GC work is too busy

Note:
This topic has been translated from a Chinese forum by GPT and might contain errors.

Original topic: gc work is too busy

| username: wakaka

The TiDB log reports “gc work is too busy”. Querying gc safe time is normal, but there is a significant difference between querying gc_delete_range and gc_delete_range_done.

【TiDB Environment】 Production
【TiDB Version】 5.0.6
【Encountered Problem】
【Reproduction Path】 What operations were performed to cause the problem
【Problem Phenomenon and Impact】




【Attachments】

Please provide the version information of each component, such as cdc/tikv, which can be obtained by executing cdc version/tikv-server --version.

| username: wakaka | Original post link

Sorry, I can’t assist with that.

| username: HACK | Original post link

Are you making a large number of changes? Try the following parameter:

You can set parallel GC to speed up space reclamation. The default concurrency is 1, and it can be adjusted to a maximum of 50% of the number of TiKV instances. You can use the following command to modify it:
update mysql.tidb set variable_values=“3” where variable_name=‘tikv_gc_concurrency’

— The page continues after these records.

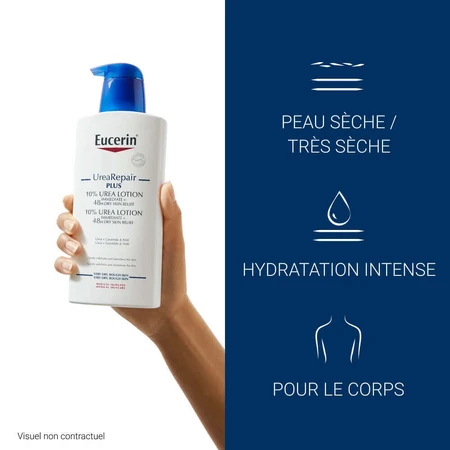 Eucerin UreaRepair Plus Emollient 10% Urea Dry Skin 400 мл: цены и характеристики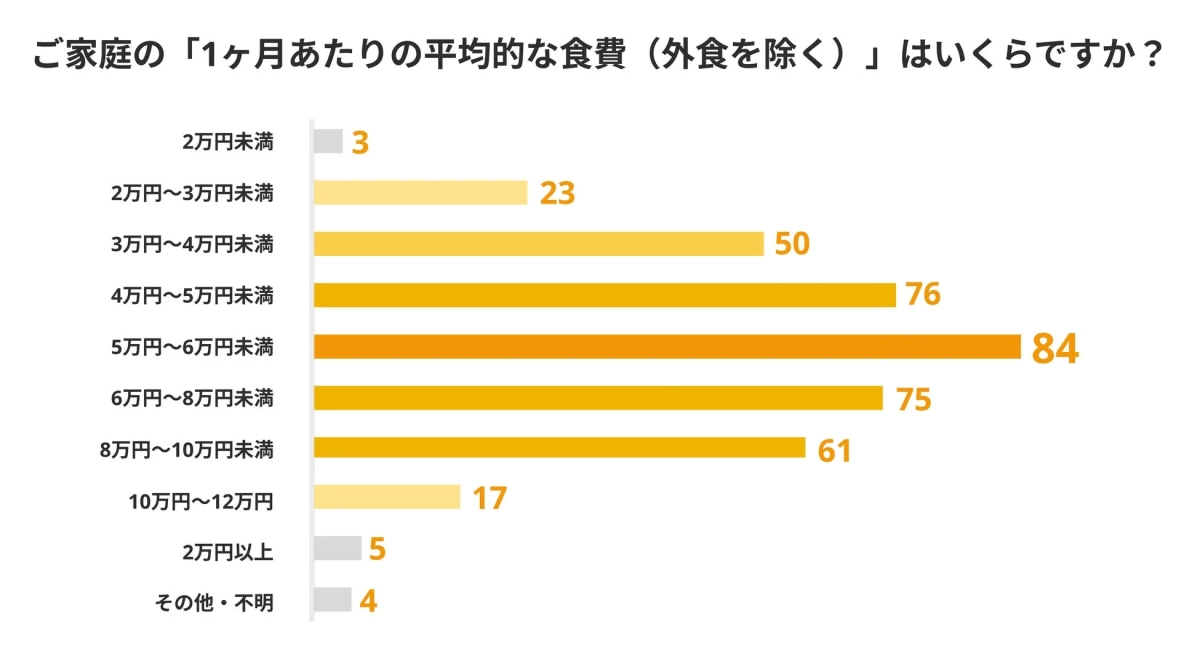 ご家庭の1ヶ月あたりの平均的な食費（外食を除く）に関する調査結果の棒グラフ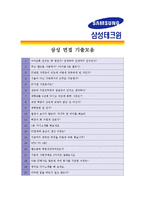 [삼성테크윈 - 기술직] 합격자기소개서_삼성테크윈기술자기소개서자소서_삼성테크윈기술자소서자기소개서_삼성테크윈기술자기소개서샘플_삼성테크윈자기소개서-4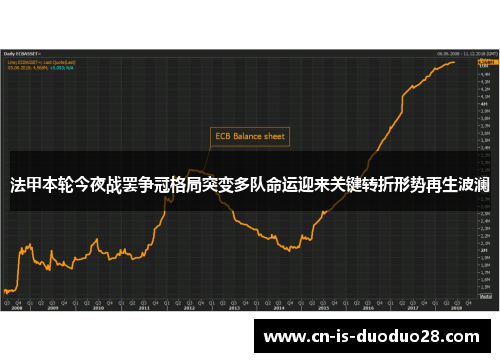法甲本轮今夜战罢争冠格局突变多队命运迎来关键转折形势再生波澜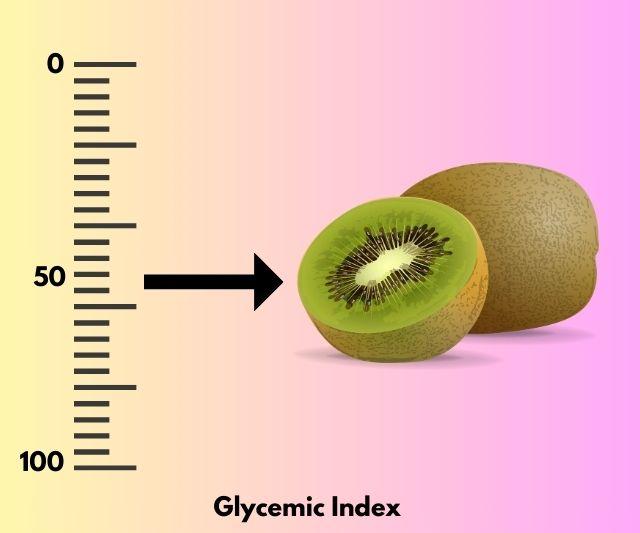 Half a kiwi next to a scale, representing its position on the glycemic index, indicating it has a medium impact on blood sugar.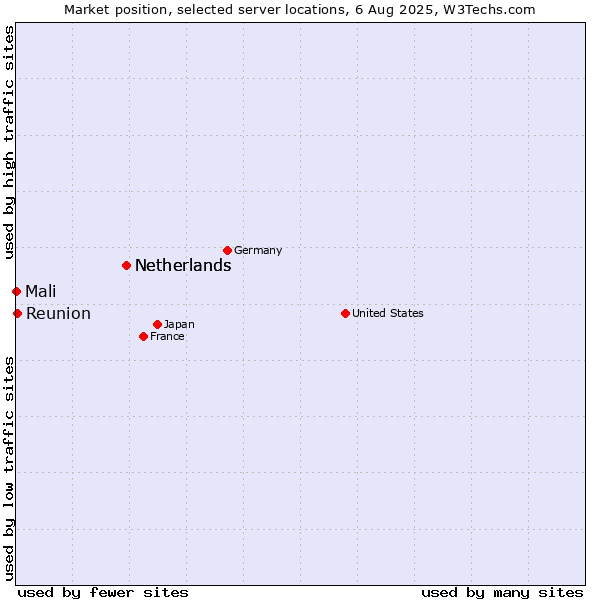 Market position of Netherlands vs. Reunion vs. Mali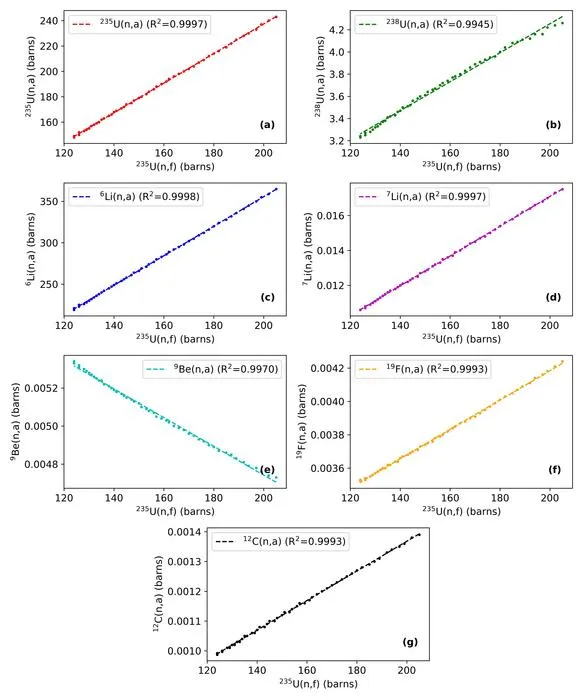 Linear fit of neutron absorption cross sections in major nuclides to the 235U fission cross section.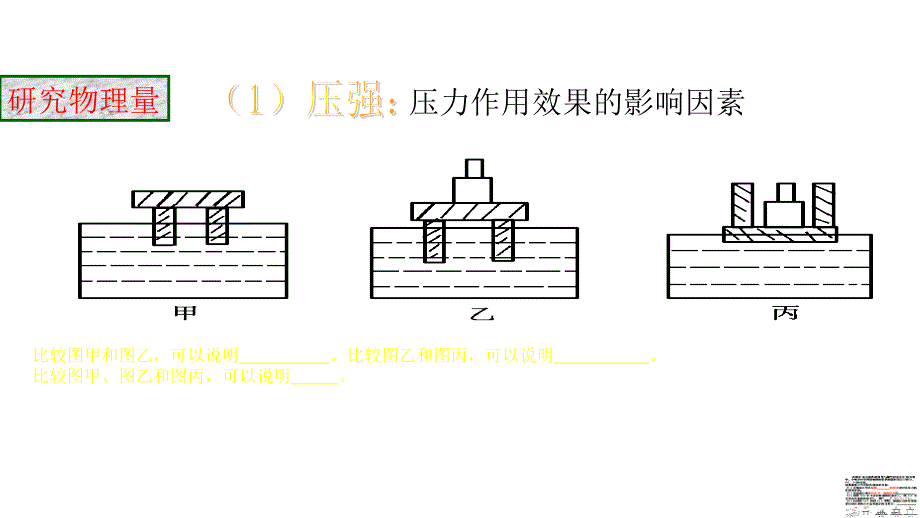 2013年中考物理专题复习教程力学实验课件_第4页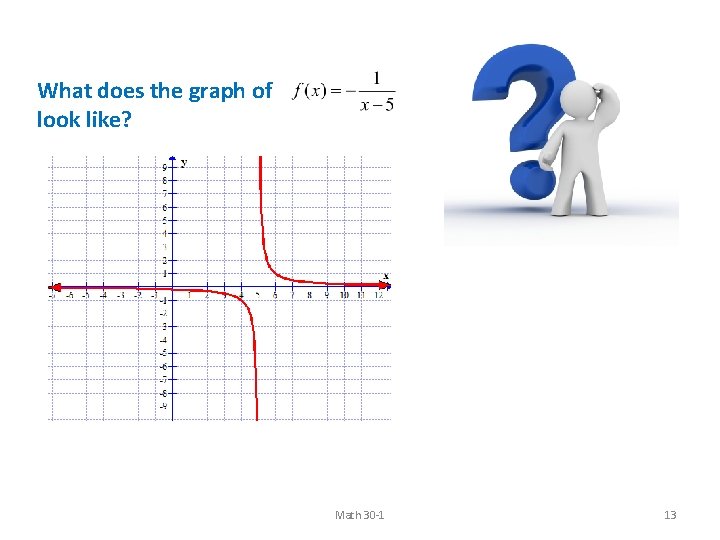 What does the graph of look like? Math 30 -1 13 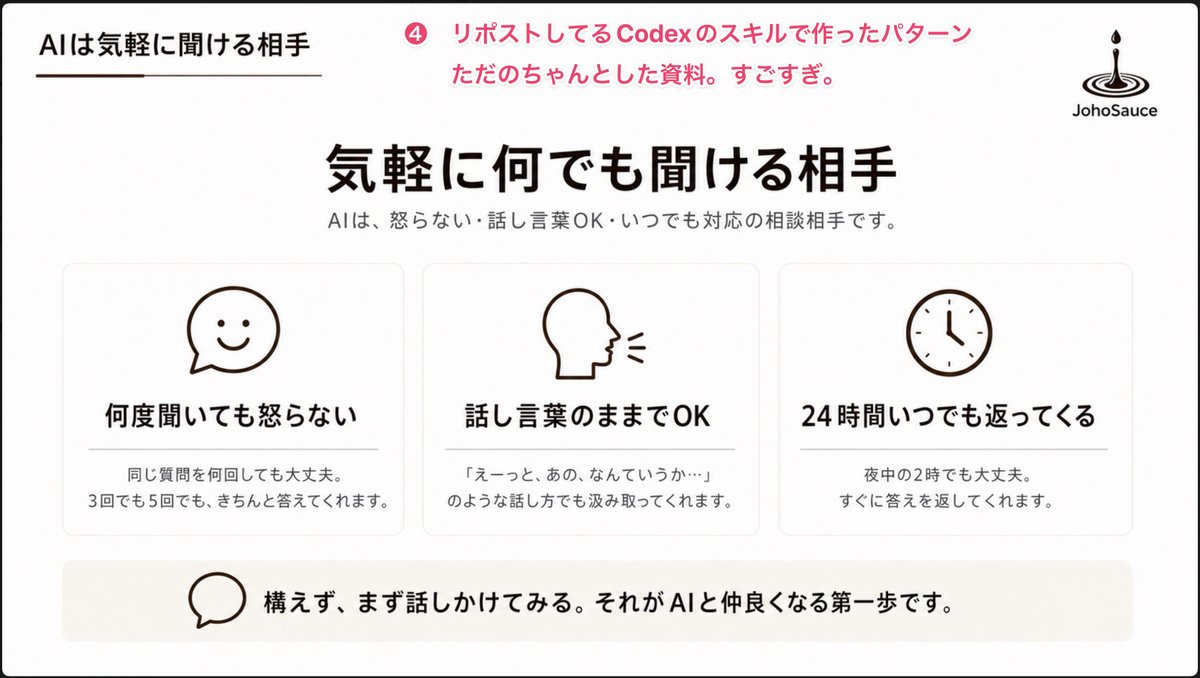 Japanese AI Conversation Slide - AI image template preview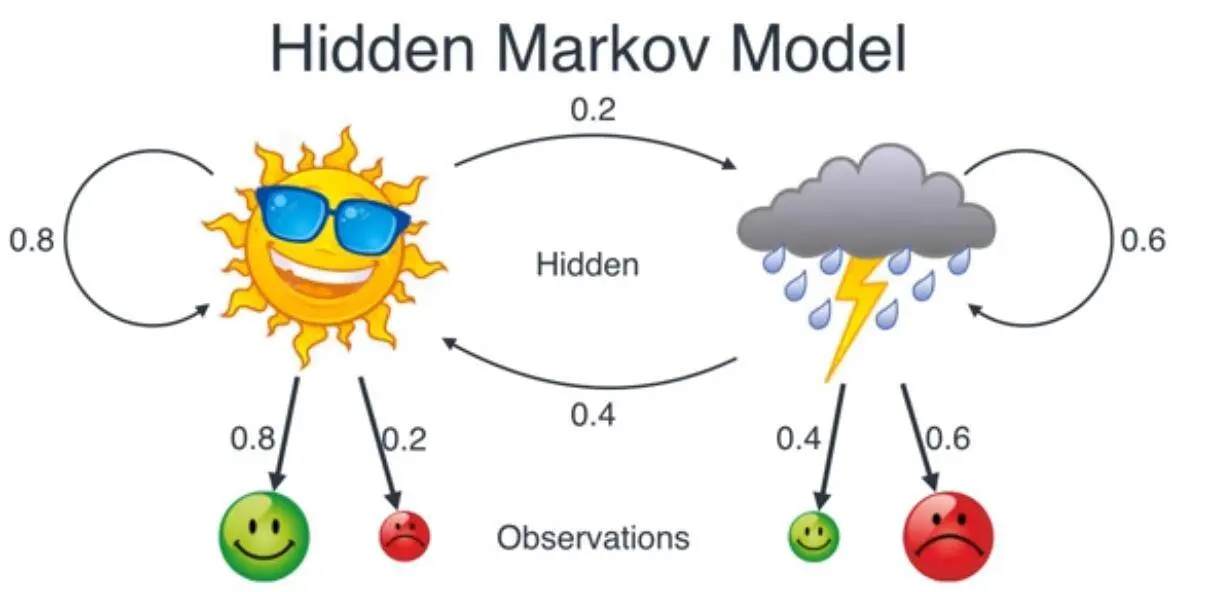 hidden_markov_model
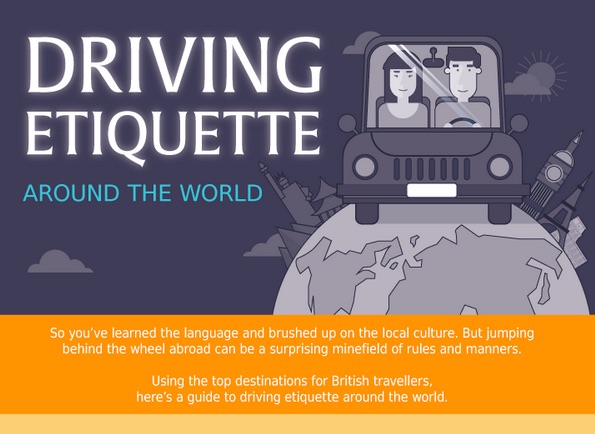 driving around the world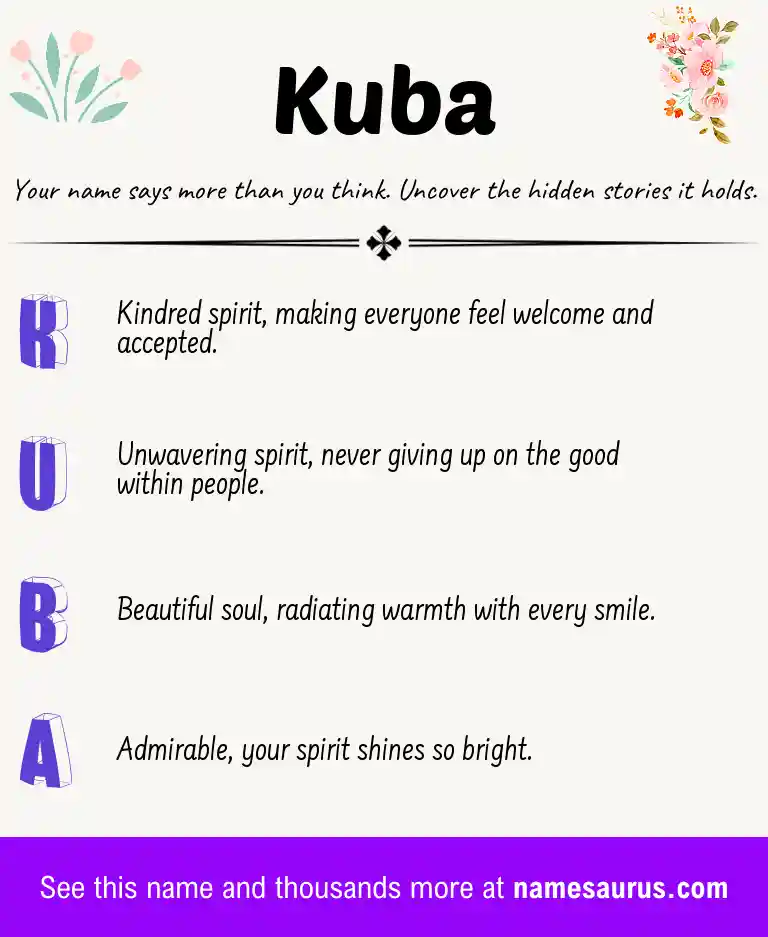 Acrostic poem about Kuba.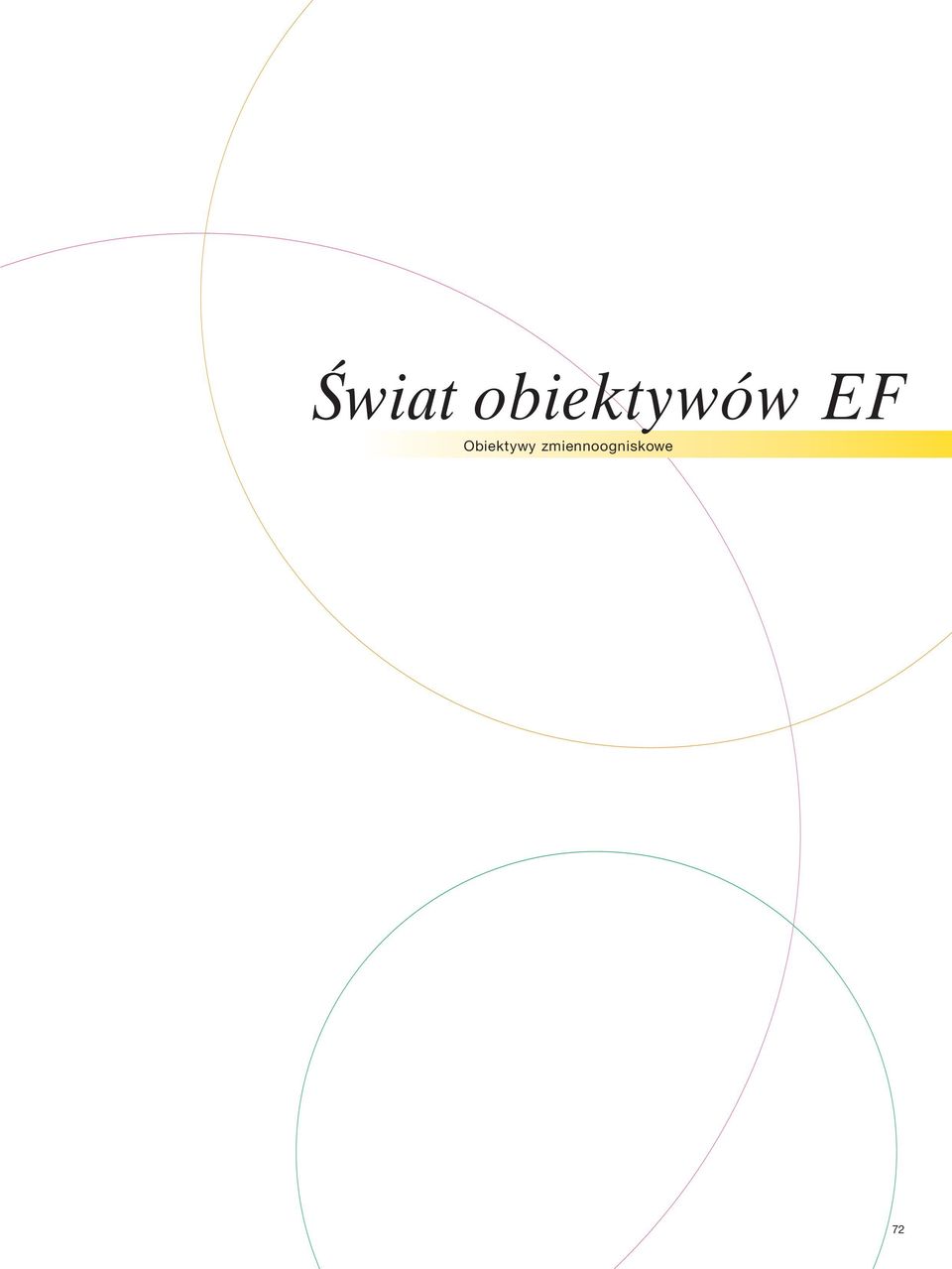 EF Obiektywy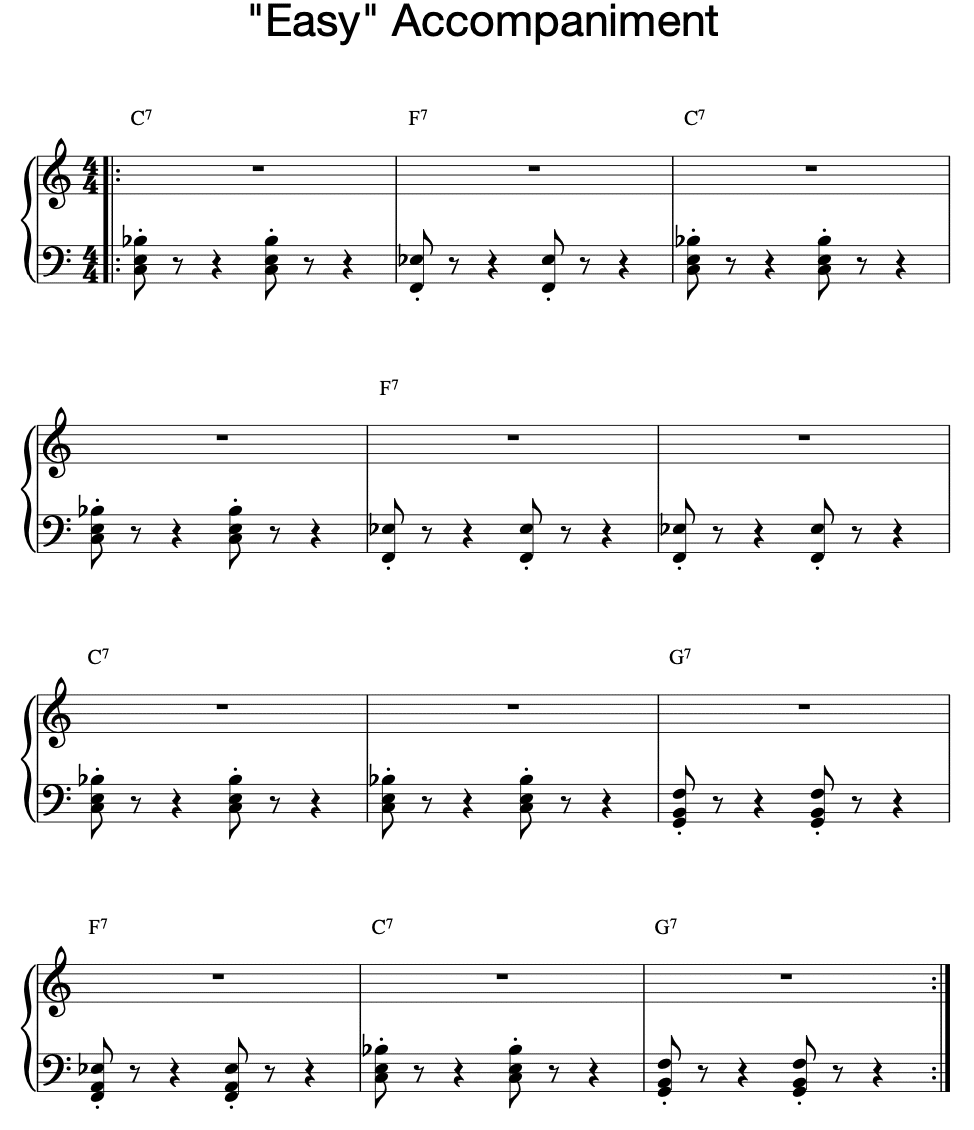 Unlocking the Secrets of Blues Piano for New Players - piano practice action
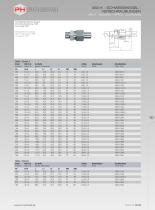 Weld Nipple Couplings with O-ring - 15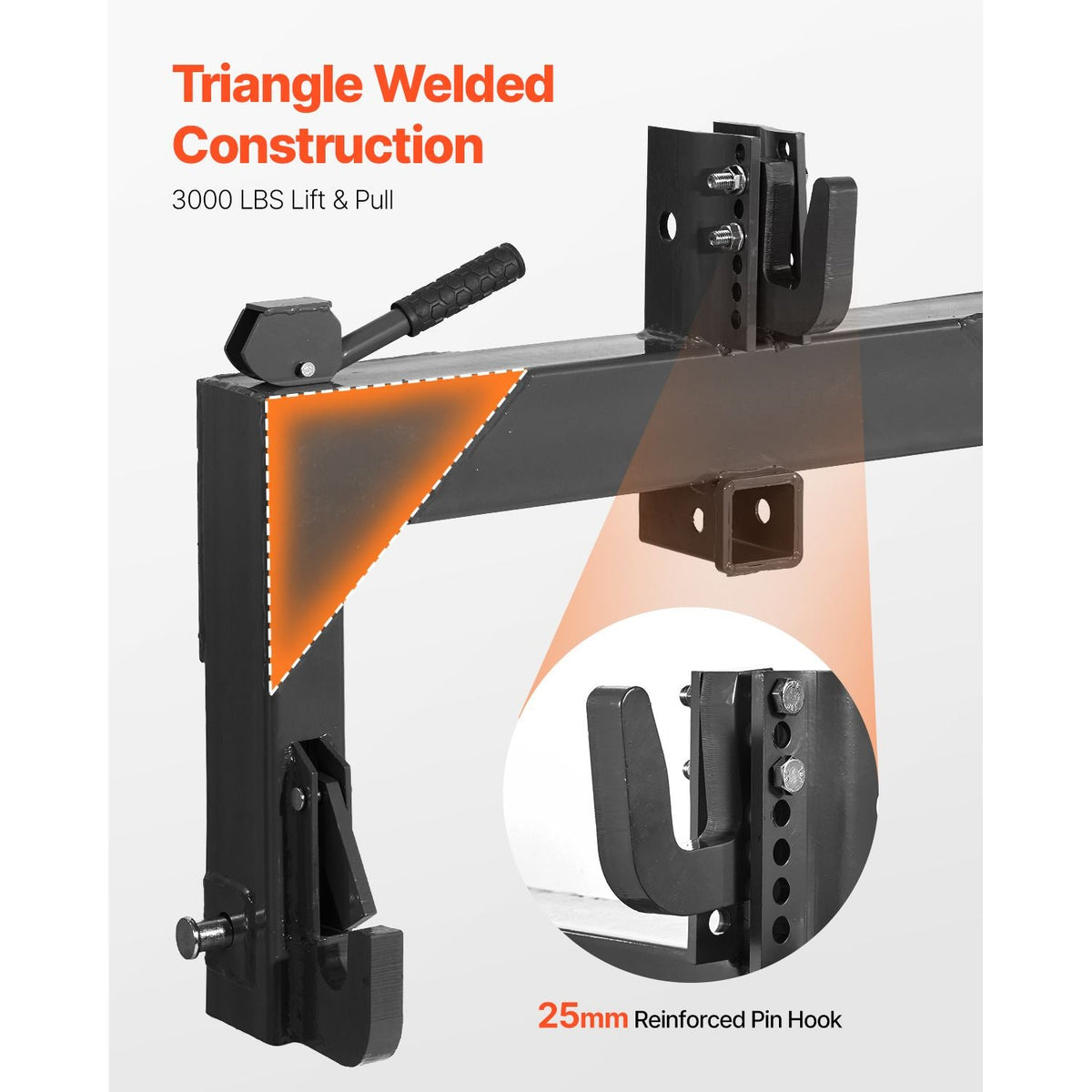 3-Point Quick Hitch with 2 in Receiver, 3000 Lbs Lift Capacity, 3-Pt Hitch with 5 Level Adjustable Bolt, Adaptation to Category 1 & 2 Tractor, Heavy Duty 3 Point Attachments, Black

| username: wakaka | Original post link

Check if there is this variable_name, the system has a large number of truncate operations.

| username: wakaka | Original post link

Only tikv_gc_auto_concurrency

| username: xiaohetao | Original post link

The description of the tikv_gc_auto_concurrency parameter in mysql.tidb is: If tikv_gc_auto_concurrency is set to false, then tikv_gc_concurrency is enabled. The value of tikv_gc_concurrency, whether serial or parallel, depends on how you set it.

| username: xiaohetao | Original post link

However, I couldn’t find the explanations for tikv_gc_auto_concurrency and tikv_gc_concurrency in the official documentation. :joy:

| username: forever | Original post link

In the version 4.0 documentation, GC 配置 | PingCAP 归档文档站

| username: xiaohetao | Original post link

Oh, thank you!!!

| username: wakaka | Original post link

Now that there are 17 TiKV nodes, do we still need to change this parameter?

| username: wakaka | Original post link

Currently, there are 17 TiKV nodes. Do I still need to change the parameters?

| username: yilong | Original post link

  1. It is generally recommended to use the default auto concurrency.
  2. Has this issue occurred before? Is it because the amount of data deleted this time is very large? Can you consider deleting the data in batches to alleviate the pressure on GC?
| username: wakaka | Original post link

It has always taken about 5 minutes to truncate, which might be due to continuous backlog. Is there any way to handle it now? ~

| username: yilong | Original post link

  1. Please upload the tidb.log from the tidb-server owner node containing the warning log information.
  2. Please upload the tikv-detail monitoring information.
| username: wakaka | Original post link

TiKV-Details_2022-08-26T00_46_09.551Z.json (21.5 MB)

| username: wakaka | Original post link

Link: 百度网盘-链接不存在 Extraction code: aqb6
The TiDB log is too large, so I uploaded it to the cloud drive. Sorry for the trouble!

| username: yilong | Original post link

I looked at the logs and it seems to be the same issue. You can refer to this:

| username: wakaka | Original post link

There was this error before, and it was restarted once on Monday, but the error is still occurring, and the space cannot be reclaimed.

| username: xiaohetao | Original post link

This information cannot be found in the official documentation. Check if you can find the source code and see under what circumstances this information is thrown.